Task directions: When you write out the listing, keep every word as it stands and drop the pictures.

··· Data provided

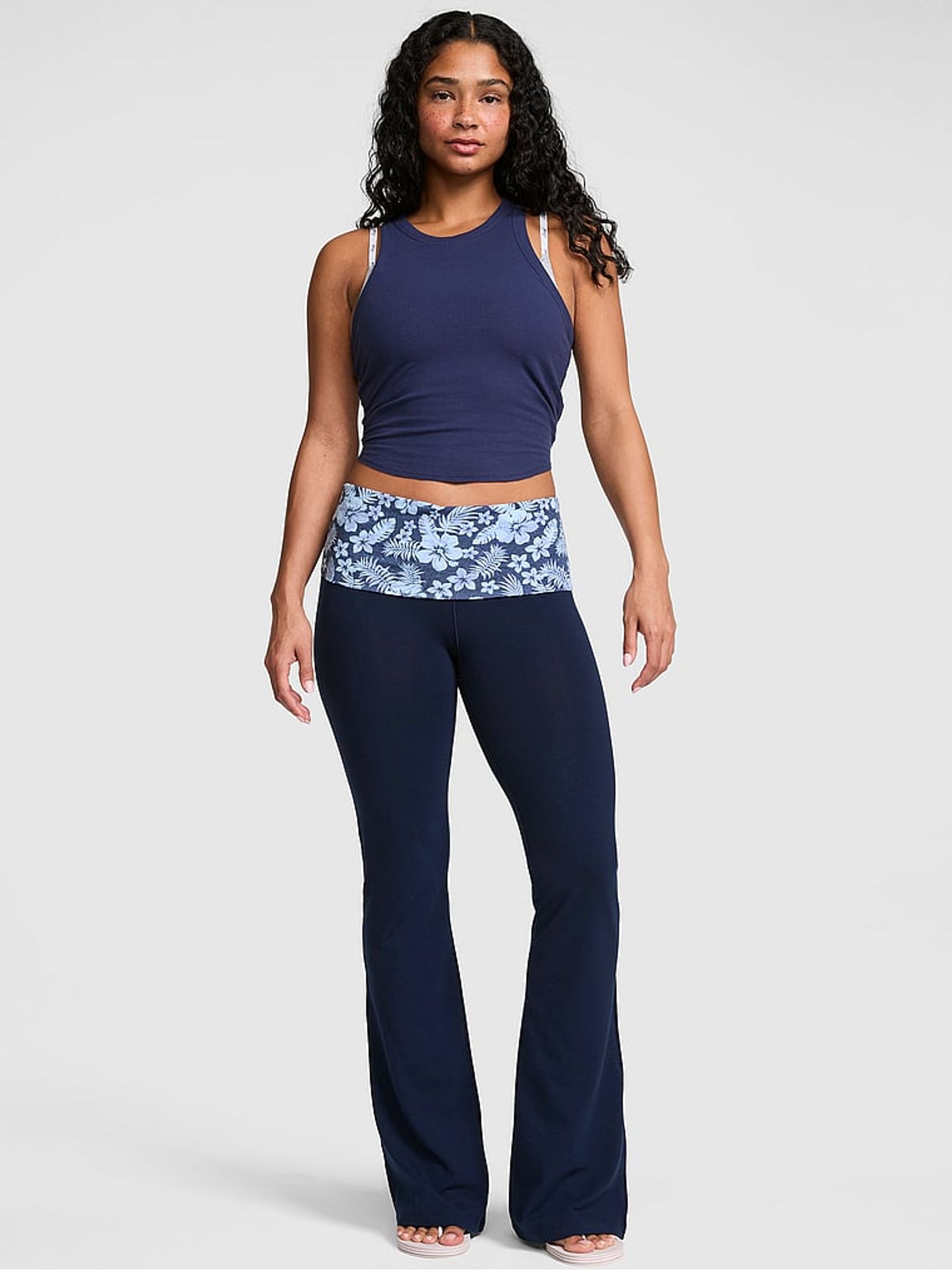 Noir Navy Blue Foldover Leggings - Image 1 of 2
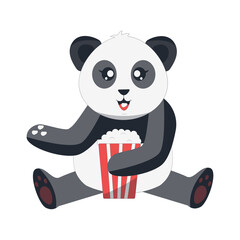 Funny Baby Panda Cartoon Illustration. Vector Character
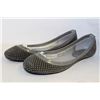 LADIES GREY POLKA DOT FLATS
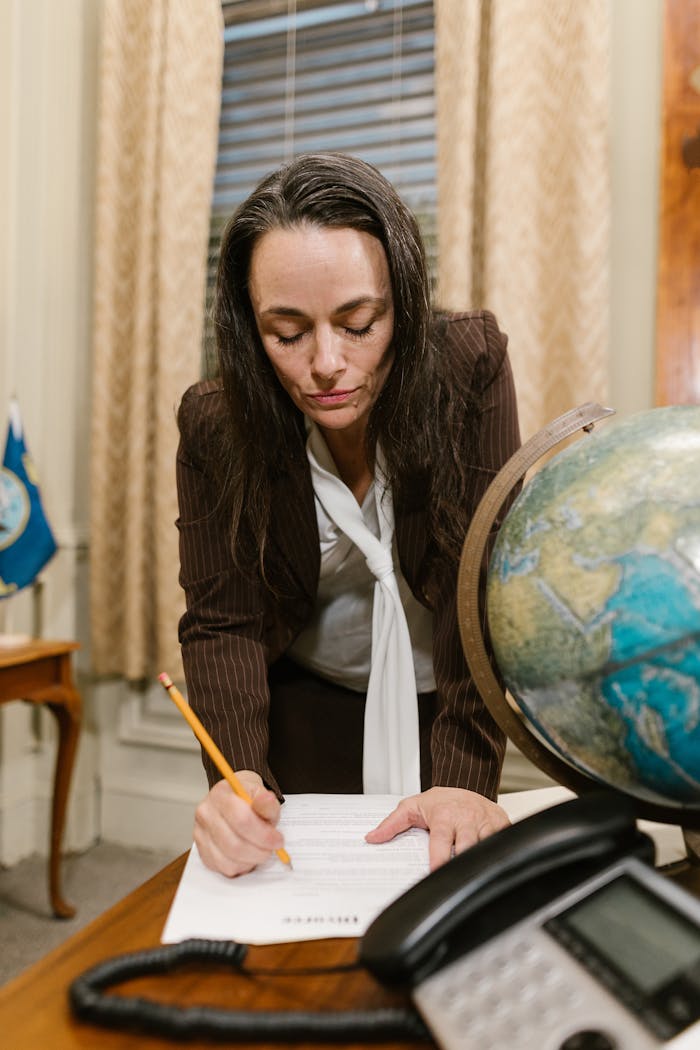 A woman in formal attire writes on documents in an office, symbolizing professionalism and business.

······

Finished task:
 Noir Navy Blue Foldover Leggings - Image 1 of 2
 Funny Baby Panda Cartoon Illustration. Vector Character
 LADIES GREY POLKA DOT FLATS
 A woman in formal attire writes on documents in an office, symbolizing professionalism and business.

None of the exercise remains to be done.